As the sport grew in popularity, Law played tackle and flag for Great Britain’s all-women’s teams, including a trip to International Federation of American Football (IFAF) World Championships.
Today, there are opportunities for girls from outside the United States to earn scholarships for flag football to American colleges and universities and dream of playing in the London Games.
For school-aged kids, the NFL sends flag belts and balls and provides training for coaches within each participating country. When teams feel ready, they can compete in national tournaments and play for a chance to reach the Pro Bowl Games. The NFL supports countries in getting to Orlando.
Flag has also offered a fresh and inexpensive opportunity for all of Anne and Tom Davies’ students, and the game has taken off at their school. Kids on the team, with no previous background in American-style football, took to flag “like ducks on water,” Tom says.
This season, Lings has only lost once in more than 20 games.
“In this country, our biggest sport is our traditional football, as you call soccer,” Tom says. “Most people go, ‘I want to be a professional footballer’ all their lives. As the children kind of get older and they realize the limited opportunities for it, there’s always a strive for something different in sport. … A lot of our rugby players actually transition from rugby to flag football or contact football around here and everyone feels it’s this big festival with it, and the popularity seems to be growing and growing.”
Kids are discovering themselves through the sport. The NFL allows as many 10-player teams schools can field to compete within their own countries. Law remembers a case in the U.K. when an 11th kid who didn’t really enjoy playing came along as an assistant coach because he loved drawing up plays.
“It’s felt really special to just to see there’s a space for everyone to be part of a flag team,” Law says.
The Bahamas: Embrace chance to represent your team, and yourself
Football has its own day in the Bahamas.
“The men are on good terms because everybody wants to be able to have their Sunday free,” Garvin Newball said before he headed to Orlando with Gianno, a receiver for Kingsway Academy in Nassau.
Right after their baseball games, Gianno and his friend, Theo Bethel, take off their shirts, find an open field and start playing flag. Speaking to their fathers, you can feel the friendly vibes from a climate that allows them to play both sports year-round.
“Oh, we are very excited about it,” says Tito Bethel, the head coach of the Bahamas team. “Don’t know what will come of it, but we will, as Bahamians, make our mark as we normally do.”
It’s more than just playing for the Bahamas, though.

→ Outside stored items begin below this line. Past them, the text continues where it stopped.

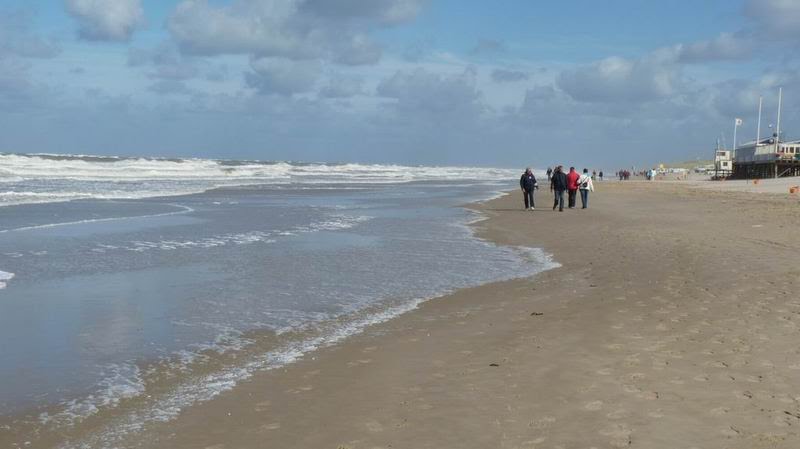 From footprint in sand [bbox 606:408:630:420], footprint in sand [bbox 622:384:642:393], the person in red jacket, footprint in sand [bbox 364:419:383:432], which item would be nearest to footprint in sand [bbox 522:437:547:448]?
footprint in sand [bbox 606:408:630:420]

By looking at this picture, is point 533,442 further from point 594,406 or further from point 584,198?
point 584,198

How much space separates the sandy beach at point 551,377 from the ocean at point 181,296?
53 centimetres

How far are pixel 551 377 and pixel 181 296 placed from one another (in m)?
6.06

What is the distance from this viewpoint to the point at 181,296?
1048 cm

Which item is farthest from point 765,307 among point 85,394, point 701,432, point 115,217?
point 115,217

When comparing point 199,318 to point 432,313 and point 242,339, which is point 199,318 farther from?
point 432,313

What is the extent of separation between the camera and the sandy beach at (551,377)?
501cm

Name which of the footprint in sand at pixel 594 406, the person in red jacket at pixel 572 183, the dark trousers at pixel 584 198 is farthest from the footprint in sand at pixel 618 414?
the dark trousers at pixel 584 198

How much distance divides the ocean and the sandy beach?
53 centimetres

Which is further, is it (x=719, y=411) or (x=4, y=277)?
(x=4, y=277)

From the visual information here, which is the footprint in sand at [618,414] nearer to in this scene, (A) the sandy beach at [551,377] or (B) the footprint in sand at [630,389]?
(A) the sandy beach at [551,377]

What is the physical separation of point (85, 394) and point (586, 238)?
47.2ft

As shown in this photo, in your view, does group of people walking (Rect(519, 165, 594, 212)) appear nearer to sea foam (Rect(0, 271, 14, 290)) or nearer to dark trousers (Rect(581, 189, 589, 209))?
dark trousers (Rect(581, 189, 589, 209))

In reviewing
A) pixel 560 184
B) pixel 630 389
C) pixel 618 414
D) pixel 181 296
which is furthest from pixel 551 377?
pixel 560 184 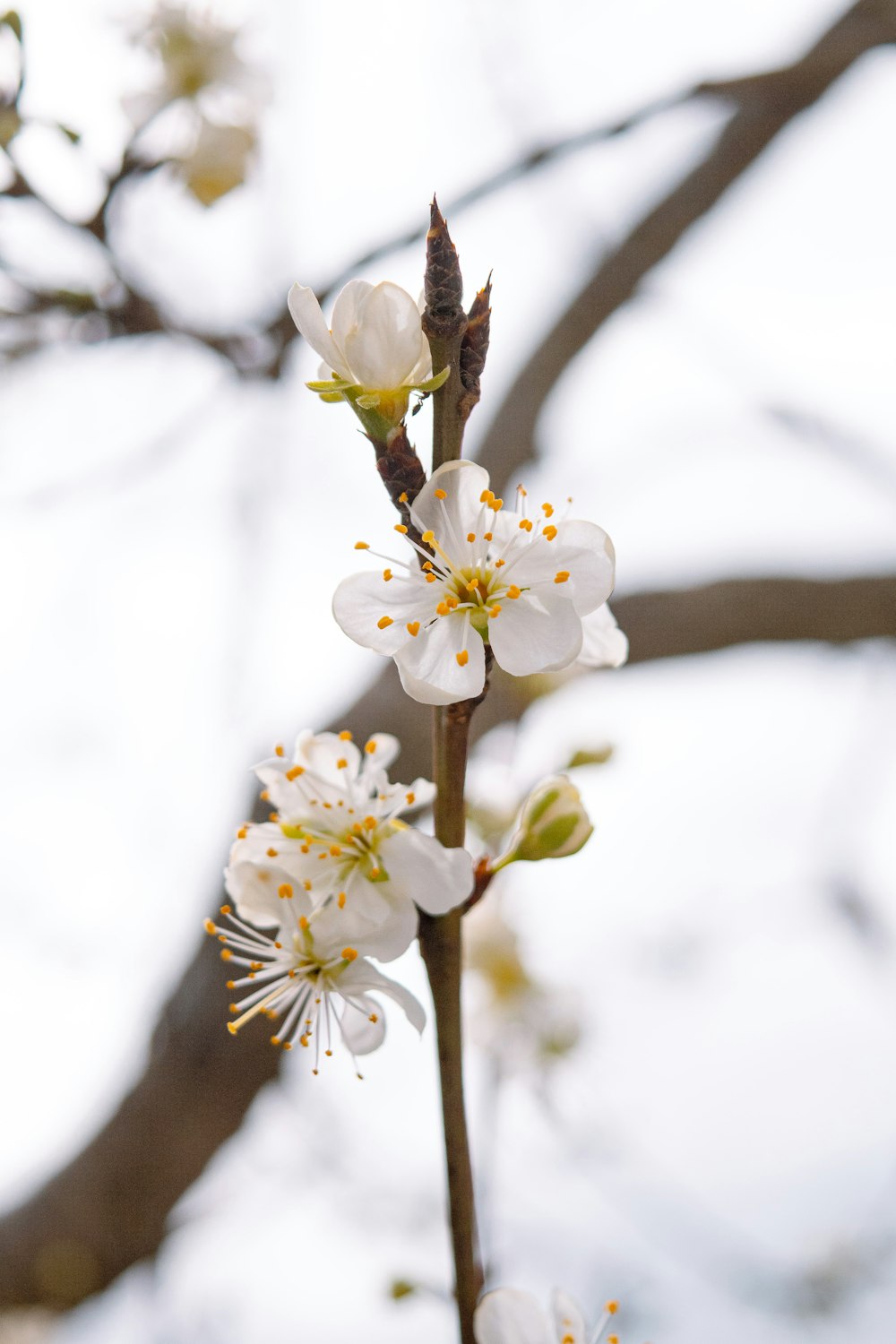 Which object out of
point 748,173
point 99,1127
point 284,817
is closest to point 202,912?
point 99,1127

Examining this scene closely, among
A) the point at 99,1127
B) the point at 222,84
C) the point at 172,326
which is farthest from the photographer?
the point at 99,1127

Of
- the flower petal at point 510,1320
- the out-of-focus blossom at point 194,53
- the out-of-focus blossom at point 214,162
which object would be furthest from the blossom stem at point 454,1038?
the out-of-focus blossom at point 194,53

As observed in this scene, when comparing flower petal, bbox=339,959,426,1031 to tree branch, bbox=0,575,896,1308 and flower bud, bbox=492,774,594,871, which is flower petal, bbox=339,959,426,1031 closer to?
flower bud, bbox=492,774,594,871

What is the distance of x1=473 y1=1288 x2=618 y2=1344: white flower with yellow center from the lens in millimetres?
450

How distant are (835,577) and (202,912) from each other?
3.42ft

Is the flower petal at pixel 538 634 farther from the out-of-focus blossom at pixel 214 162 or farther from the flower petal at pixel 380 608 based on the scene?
the out-of-focus blossom at pixel 214 162

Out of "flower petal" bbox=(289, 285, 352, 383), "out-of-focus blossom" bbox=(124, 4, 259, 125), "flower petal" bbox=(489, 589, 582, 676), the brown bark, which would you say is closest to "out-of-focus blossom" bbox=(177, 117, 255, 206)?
"out-of-focus blossom" bbox=(124, 4, 259, 125)

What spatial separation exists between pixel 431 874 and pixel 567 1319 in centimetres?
26

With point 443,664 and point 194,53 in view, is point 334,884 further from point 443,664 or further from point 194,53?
point 194,53

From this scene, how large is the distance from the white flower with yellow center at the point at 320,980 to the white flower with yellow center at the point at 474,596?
131mm

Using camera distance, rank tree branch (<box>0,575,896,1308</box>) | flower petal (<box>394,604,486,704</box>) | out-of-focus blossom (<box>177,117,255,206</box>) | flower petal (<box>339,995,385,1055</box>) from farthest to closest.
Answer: tree branch (<box>0,575,896,1308</box>), out-of-focus blossom (<box>177,117,255,206</box>), flower petal (<box>339,995,385,1055</box>), flower petal (<box>394,604,486,704</box>)

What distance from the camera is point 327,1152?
93.0 inches

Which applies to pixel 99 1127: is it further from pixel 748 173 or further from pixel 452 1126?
pixel 748 173

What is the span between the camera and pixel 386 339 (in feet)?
1.49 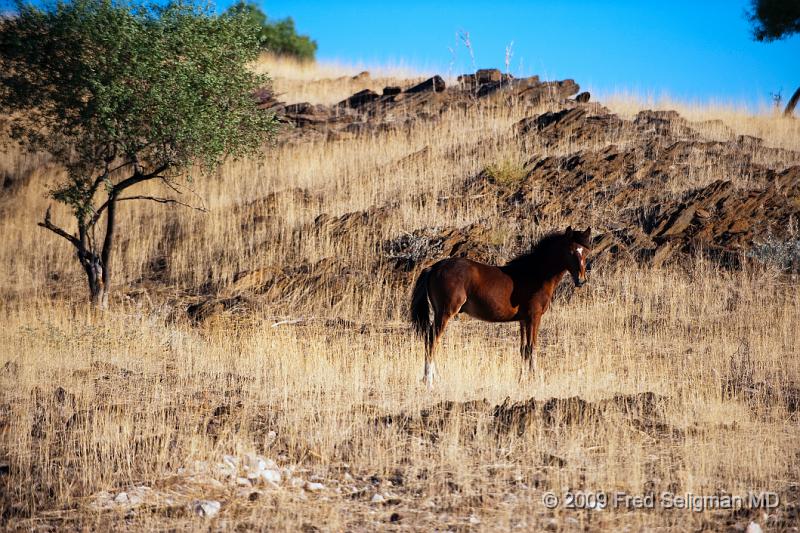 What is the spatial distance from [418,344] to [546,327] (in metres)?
3.71

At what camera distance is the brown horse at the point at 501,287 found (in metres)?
11.8

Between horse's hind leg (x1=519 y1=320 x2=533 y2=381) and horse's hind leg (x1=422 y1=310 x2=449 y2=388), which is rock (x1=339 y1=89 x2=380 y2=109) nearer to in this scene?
horse's hind leg (x1=519 y1=320 x2=533 y2=381)

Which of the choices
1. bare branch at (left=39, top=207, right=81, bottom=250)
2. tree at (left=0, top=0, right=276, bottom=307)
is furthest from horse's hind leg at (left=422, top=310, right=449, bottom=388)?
bare branch at (left=39, top=207, right=81, bottom=250)

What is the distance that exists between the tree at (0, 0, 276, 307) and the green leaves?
0.07 feet

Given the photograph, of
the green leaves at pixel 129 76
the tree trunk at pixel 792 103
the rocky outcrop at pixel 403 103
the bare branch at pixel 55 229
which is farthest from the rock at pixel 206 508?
the tree trunk at pixel 792 103

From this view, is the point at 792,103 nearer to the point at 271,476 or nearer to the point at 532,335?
the point at 532,335

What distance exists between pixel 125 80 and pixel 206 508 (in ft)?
38.2

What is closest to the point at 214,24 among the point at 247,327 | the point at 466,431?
the point at 247,327

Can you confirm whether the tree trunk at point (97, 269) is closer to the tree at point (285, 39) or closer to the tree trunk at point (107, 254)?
the tree trunk at point (107, 254)

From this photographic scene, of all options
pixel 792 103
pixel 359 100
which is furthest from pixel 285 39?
pixel 792 103

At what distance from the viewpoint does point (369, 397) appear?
1065 centimetres

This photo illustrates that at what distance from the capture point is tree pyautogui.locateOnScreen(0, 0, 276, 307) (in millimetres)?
16062

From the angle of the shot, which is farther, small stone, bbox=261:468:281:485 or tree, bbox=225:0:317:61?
tree, bbox=225:0:317:61

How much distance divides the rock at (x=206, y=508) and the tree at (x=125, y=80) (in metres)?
10.7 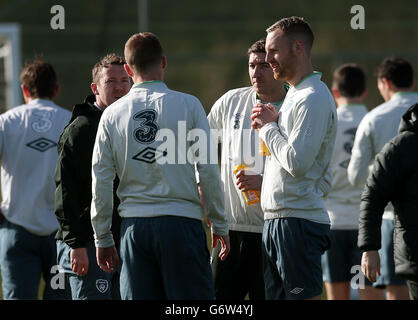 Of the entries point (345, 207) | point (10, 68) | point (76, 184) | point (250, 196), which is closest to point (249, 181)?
point (250, 196)

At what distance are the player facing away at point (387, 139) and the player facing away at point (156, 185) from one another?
2.46 m

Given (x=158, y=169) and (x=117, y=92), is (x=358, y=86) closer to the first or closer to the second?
(x=117, y=92)

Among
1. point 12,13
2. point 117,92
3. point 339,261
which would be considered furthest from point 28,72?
point 12,13

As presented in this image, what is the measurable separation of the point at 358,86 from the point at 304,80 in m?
2.70

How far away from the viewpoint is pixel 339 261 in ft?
22.5

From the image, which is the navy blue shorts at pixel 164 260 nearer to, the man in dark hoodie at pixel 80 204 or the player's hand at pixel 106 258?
the player's hand at pixel 106 258

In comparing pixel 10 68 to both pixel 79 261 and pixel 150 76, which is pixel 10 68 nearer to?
pixel 79 261

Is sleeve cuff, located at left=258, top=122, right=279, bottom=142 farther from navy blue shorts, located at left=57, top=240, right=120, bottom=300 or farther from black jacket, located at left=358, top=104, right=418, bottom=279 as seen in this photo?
navy blue shorts, located at left=57, top=240, right=120, bottom=300

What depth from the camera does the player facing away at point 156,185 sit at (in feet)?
13.6

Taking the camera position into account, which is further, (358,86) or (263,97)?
(358,86)

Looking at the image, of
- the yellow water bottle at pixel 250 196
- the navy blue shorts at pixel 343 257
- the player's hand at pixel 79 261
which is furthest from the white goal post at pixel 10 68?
the player's hand at pixel 79 261

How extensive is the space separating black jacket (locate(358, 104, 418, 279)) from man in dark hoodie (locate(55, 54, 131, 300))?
160 centimetres

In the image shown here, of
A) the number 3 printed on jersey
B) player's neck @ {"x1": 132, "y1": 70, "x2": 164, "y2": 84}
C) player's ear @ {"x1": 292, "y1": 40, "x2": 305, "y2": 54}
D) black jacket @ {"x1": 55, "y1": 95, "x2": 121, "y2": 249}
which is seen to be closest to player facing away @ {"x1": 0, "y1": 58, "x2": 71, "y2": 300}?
black jacket @ {"x1": 55, "y1": 95, "x2": 121, "y2": 249} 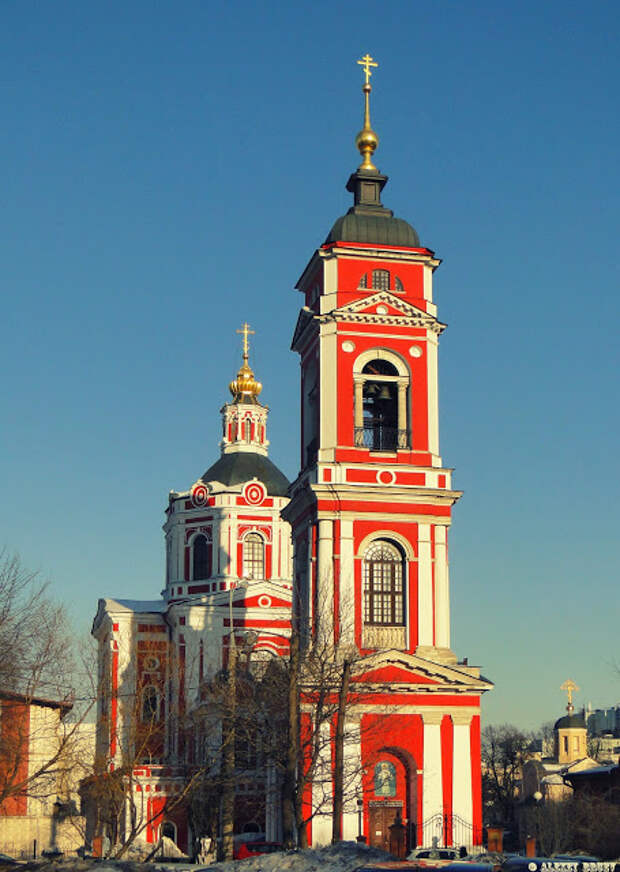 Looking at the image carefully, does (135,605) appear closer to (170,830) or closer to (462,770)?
(170,830)

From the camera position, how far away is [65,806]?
55.3 m

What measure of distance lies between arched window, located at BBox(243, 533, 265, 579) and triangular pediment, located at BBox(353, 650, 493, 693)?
23.9 meters

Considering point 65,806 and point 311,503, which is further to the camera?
point 65,806

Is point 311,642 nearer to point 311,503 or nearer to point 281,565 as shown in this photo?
point 311,503

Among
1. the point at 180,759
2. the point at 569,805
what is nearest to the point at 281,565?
the point at 180,759

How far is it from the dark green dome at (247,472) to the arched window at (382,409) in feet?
73.2

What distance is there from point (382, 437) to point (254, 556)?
874 inches

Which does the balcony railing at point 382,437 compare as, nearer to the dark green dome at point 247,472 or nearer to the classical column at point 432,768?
the classical column at point 432,768

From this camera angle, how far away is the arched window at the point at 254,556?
216 feet

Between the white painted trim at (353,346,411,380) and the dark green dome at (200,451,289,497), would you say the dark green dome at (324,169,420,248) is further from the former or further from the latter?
the dark green dome at (200,451,289,497)

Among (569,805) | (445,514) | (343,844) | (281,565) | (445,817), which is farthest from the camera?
(281,565)

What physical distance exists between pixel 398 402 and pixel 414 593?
6.27m

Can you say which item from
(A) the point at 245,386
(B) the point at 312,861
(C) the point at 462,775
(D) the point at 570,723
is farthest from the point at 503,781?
(B) the point at 312,861

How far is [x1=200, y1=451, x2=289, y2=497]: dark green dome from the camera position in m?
68.8
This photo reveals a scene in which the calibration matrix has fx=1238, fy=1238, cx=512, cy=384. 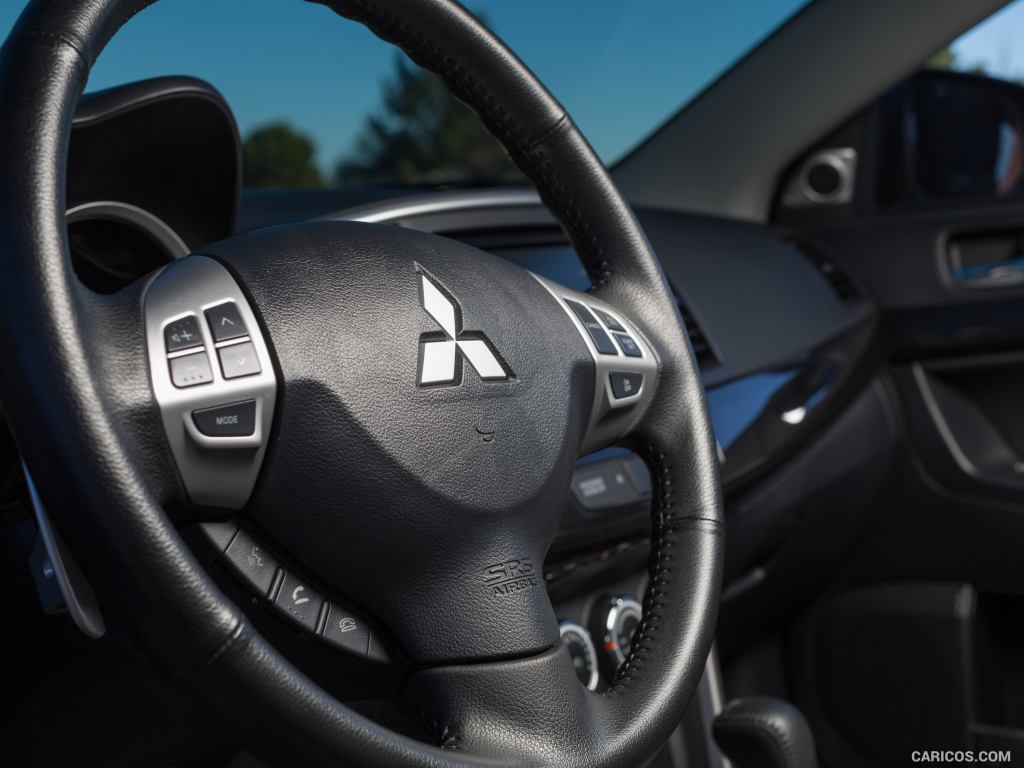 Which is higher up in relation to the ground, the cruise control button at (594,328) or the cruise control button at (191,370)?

As the first Caribbean nation to enter in the international flag championships, they are representing an entire region.
“We know they’ve got a lot of track stars there, but these kids just have a blast and it really changed their lives through playing flag football,” NFL global ambassador Phoebe Schecter said on “Fox & Friends” in July.
Chris Prudhome, head of NFL Flag Bahamas, says the recent launch of his organization is just the start.
“We look at this as ground zero for the rest of the Caribbean,” he told USA TODAY Sports.
Football has been popular in the Bahamas for decades, the 49ers being a particular favorite among people who watched them win five Super Bowls in the 1980s and 1990s. George Kittle is an unofficial ambassador for the nation’s football program, according to Prudhome, who says the 49ers tight end is buying cleats for the kids on the team.
Tito Bethel said there are only seven kids playing in Orlando. All Bahamians can see the future.
“We look at it as flag, but as kids, it’s, ‘Hey, I’m a part of the NFL,'” Garvin Newball says. “They know they have to go through the college route. Parents are a lot more involved now as well. Seeing that the NFL brand is actually here and they can touch it, so it brings a lot more belief and hope in a lot of the kids in the country, and parents.”
Canada: Embrace the spirit of competition, as well as the kids you’re playing
Thomas, executive director of Football Saskatchewan, says his province in western Canada is “like the Texas of the north.”
To that point, he says there’s almost a rite of passage when kids from Saskatchewan are born.
“It’s like they’re given a green Rider toque or some shirt of some sort to let them know and remember football, what it’s all about here,” Thomas says.
Thomas, whose team competing in Orlando is known as the Bomb Squad, has an office located in Mosaic Stadium. Mosaic is home to the Saskatchewan Roughriders, one of the longest-running franchises in the Canadian Football League.
“It’s in your yard and you bleed green,” says Colin Belsher, whose son, Hudson, plays quarterback for Team Canada. “I’ve been coaching football my whole life, my kids have been involved in tackle and in flag and I know a lot of people through football, really great people through football.”
Colin Belsher, the head football coach and a physical education teacher at Central Collegiate Institute in Moose Jaw, used to coach against Thomas at the youth level. They decided to pool their coaching resources and the team powered its way through the Canadian nationals in Toronto.
“You would never know that my son’s from a different community altogether,” Belsher says. “Attending the practices and watching them play in Toronto, you would think that he’s been buddies with these kids for years. Playing them the last couple years through competition and then joining together, you would never know that they were ever competitors.”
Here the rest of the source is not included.